With over 50 million users, our innovative text-to-speech tools transform reading materials—including PDFs, books, Google Docs, news articles, and websites—into audio formats. This empowers users to read faster, absorb more, and retain information better. Our award-winning products include applications for iOS, Android, Mac, a Chrome Extension, and a Web App. Our recognition includes being named Chrome Extension of the Year by Google and winning Apple's 2025 Design Award for Inclusivity.

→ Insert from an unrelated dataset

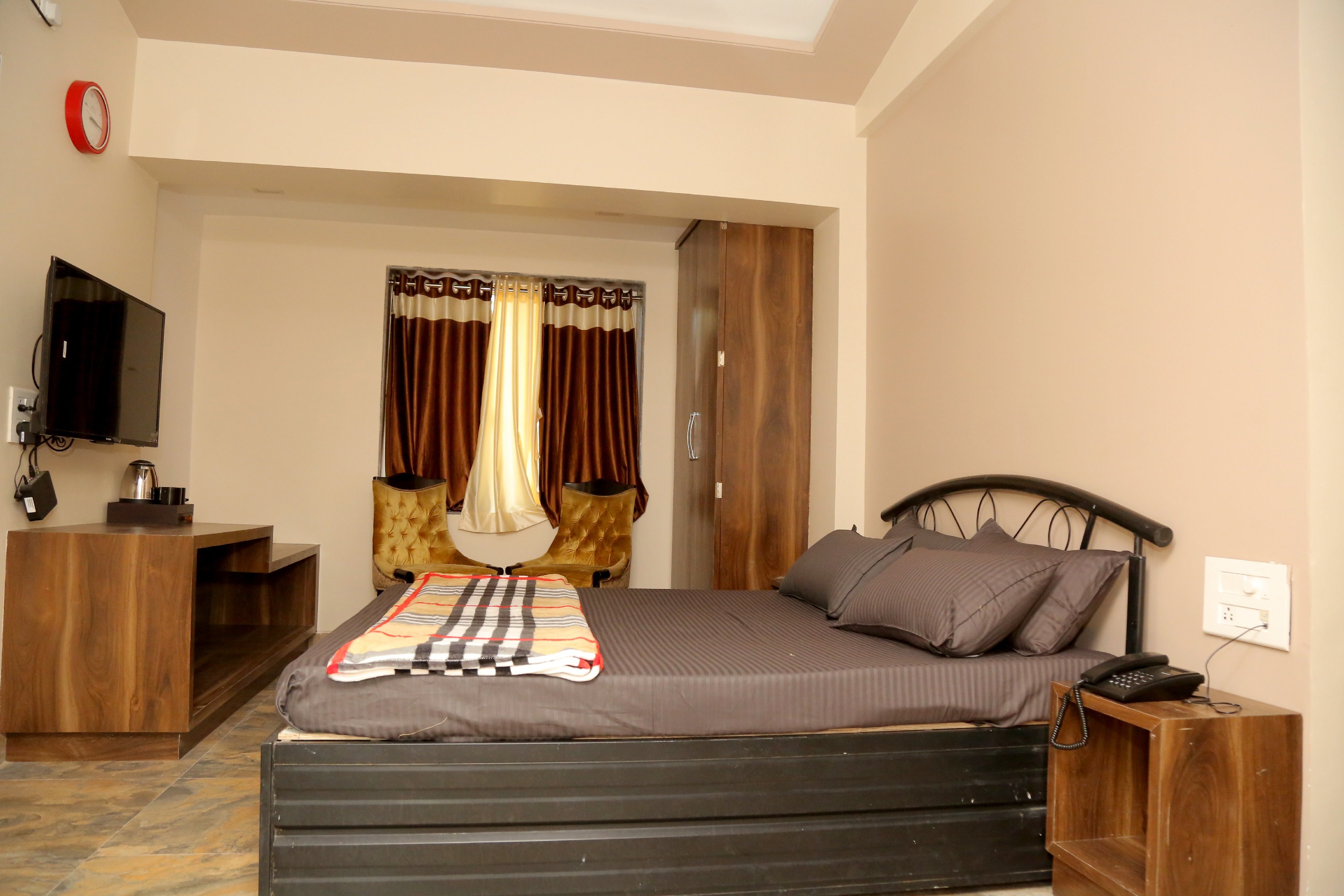 Sheetal Villa Homestay (Pure Veg) - Tap to explore photos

Our team of nearly 200 professionals operates fully remotely, with no physical office. Our diverse group includes frontend and backend engineers, AI researchers, and other talents from leading companies such as Amazon, Microsoft, and Google, as well as esteemed academic institutions like Stanford and high-growth startups like Stripe, Vercel, and Bolt.
Role Overview
We are searching for an innovative Software Engineer to join the data segment of our AI team. This position is crucial for managing data collection to facilitate our model training operations, allowing us to construct extensive datasets efficiently and affordably through a robust integration of infrastructure, engineering, and research.
Your Responsibilities
- Identify and acquire new audio data sources to enhance our ingestion pipeline.
- Manage and extend our cloud infrastructure for the ingestion pipeline, currently utilizing GCP with Terraform.

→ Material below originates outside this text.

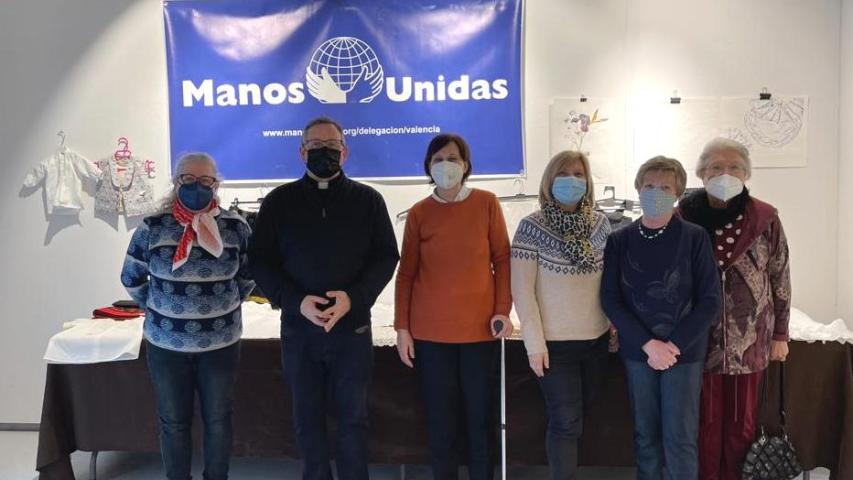 Rastrillo Solidario organizado por la comarcal de Requena de Manos Unidas Valencia.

- Work collaboratively with our Scientists to optimize the balance of cost, throughput, and quality to provide richer data at scale for our next-generation models.
- Partner with the AI Team and Speechify Leadership to develop a strategic dataset roadmap that will drive the evolution of our consumer and enterprise products.
Ideal Candidate Profile
- BS, MS, or PhD in Computer Science or a related discipline.
- 5+ years of professional experience in software development.
- Strong proficiency in Bash and Python scripting within Linux environments.
- Expertise in Docker and Infrastructure-as-Code principles, with hands-on experience using at least one major Cloud Provider (GCP preferred).
- Familiarity with web crawlers and large-scale data processing workflows is advantageous.
- Ability to manage multiple tasks and adapt to changing priorities effectively.
- Excellent written and verbal communication skills.